If you do not set max_tokens, the model will sometimes decide to write an essay when you wanted a sentence. Set it. Tight output bounds are one of the most effective cost controls because output is the expensive half of most pricing sheets.

Related pillar guide

This cluster post is part of the developer tools track. For the broader foundation on choosing and using free developer tools — including privacy, local vs cloud trade-offs, and the full toolkit — see The Complete Guide to Free Online Tools.

FAQ

Why does the same text produce different token counts on different models?

Each model family trained its tokenizer on its own corpus and ended up with a different vocabulary.
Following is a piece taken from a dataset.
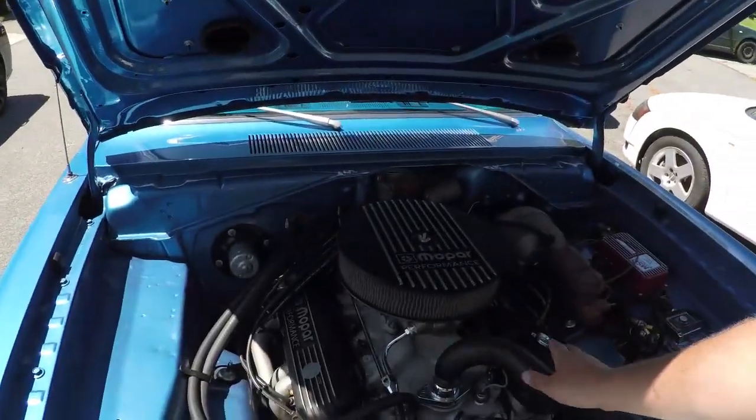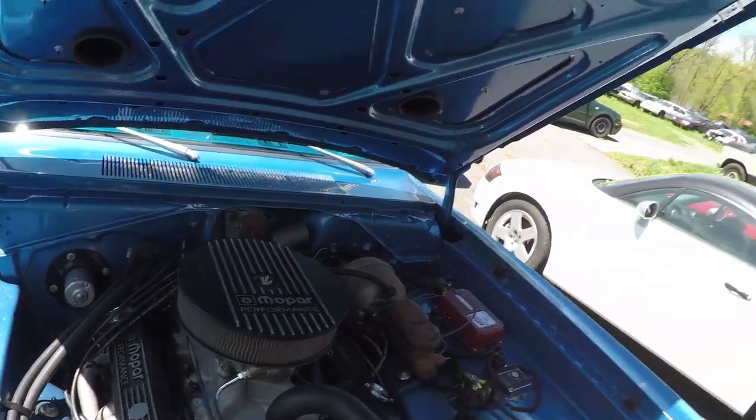I'm also probably going to have to look at my temperature gauge because it seems to read way higher than it should. When I open the hood, it's not even that hot in here — I can touch everything with my hands, so obviously it's not too bad. We're going to try to figure out a couple of these issues and we'll be on the road.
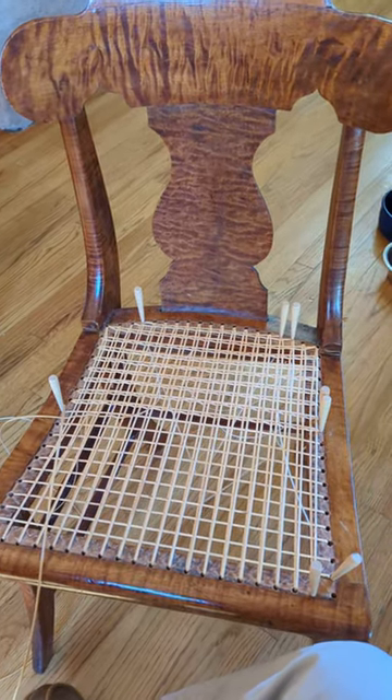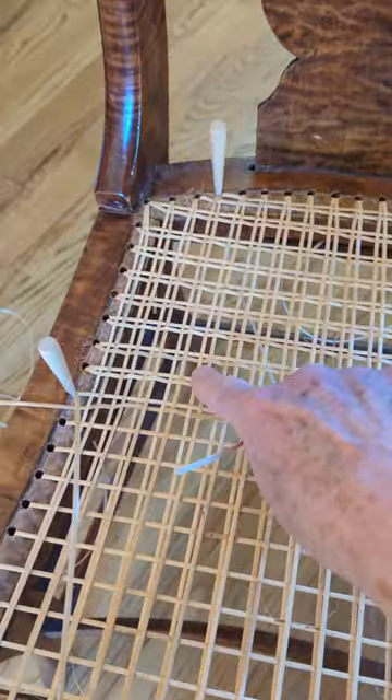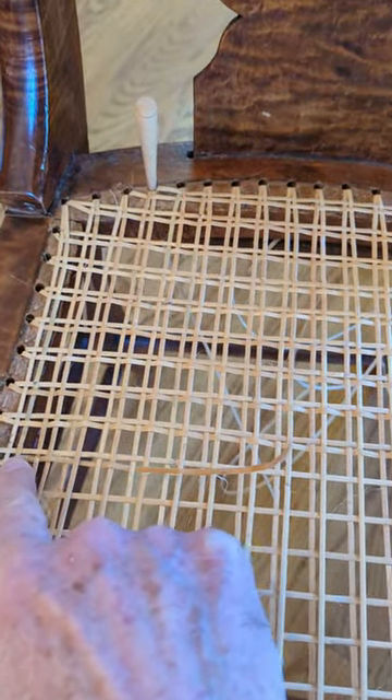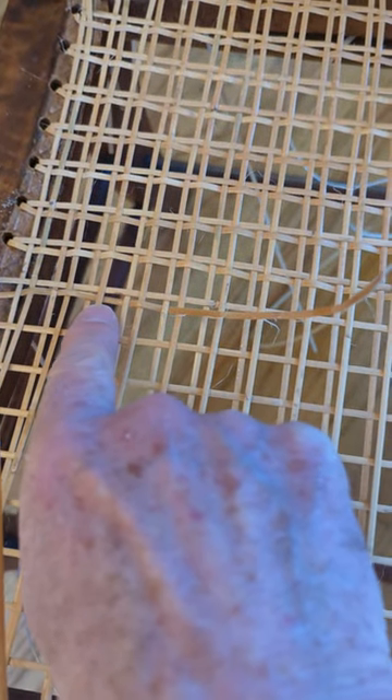I'm a novice caner with a tip for fellow beginners. I'm on the weaving stage of the caning process, moving along in this direction with a long piece of cane that I'm pulling through the pattern. As you look at my last line, you'll notice that I messed up here.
The BPE merges are different, so the splits are different. A 1,000-word document will land within a couple hundred tokens across providers, but it will not be identical. Always count with the tokenizer that matches the model you plan to call.

Is there a way to count tokens without installing anything?

Yes. Browser-based counters like ChatGPT Token Counter use WebAssembly or JS ports of the official tokenizers and never upload your text. That is important when your prompts contain customer data or internal strategy documents. Check DevTools → Network to confirm nothing goes out.

Does whitespace really cost tokens?

Yes. Every space, newline, and tab is part of the input. Pretty-printed JSON uses significantly more tokens than minified JSON carrying the same data. If you are embedding large data payloads, minify before sending.

What is prompt caching and when should I use it?

Prompt caching lets the provider store the KV state of a long, fixed prefix of your prompt and reuse it on subsequent calls at a fraction of the cost. Use it when your system prompt or few-shot examples are long and repeated across many requests. Anthropic and Google both support it today, with different APIs and discount factors; the Anthropic docs cover the mechanics for Claude.

Can I predict output tokens before calling the model?

Not exactly, but you can bound them with max_tokens and estimate from the task type. Classification tasks produce a handful of tokens. Summaries produce roughly half the input length. Extraction produces roughly ten percent. Always cap with max_tokens and log actual usage so you can refine your estimate over time.

Closing thought

Tokens are boring until they are not. The teams that ship LLM features without billing drama are the ones that treat tokens as a first-class resource — counted, budgeted, and watched. Spend an afternoon running your real prompts through a browser tokenizer and plotting the distribution. The answers will surprise you, and they will pay for themselves the first month.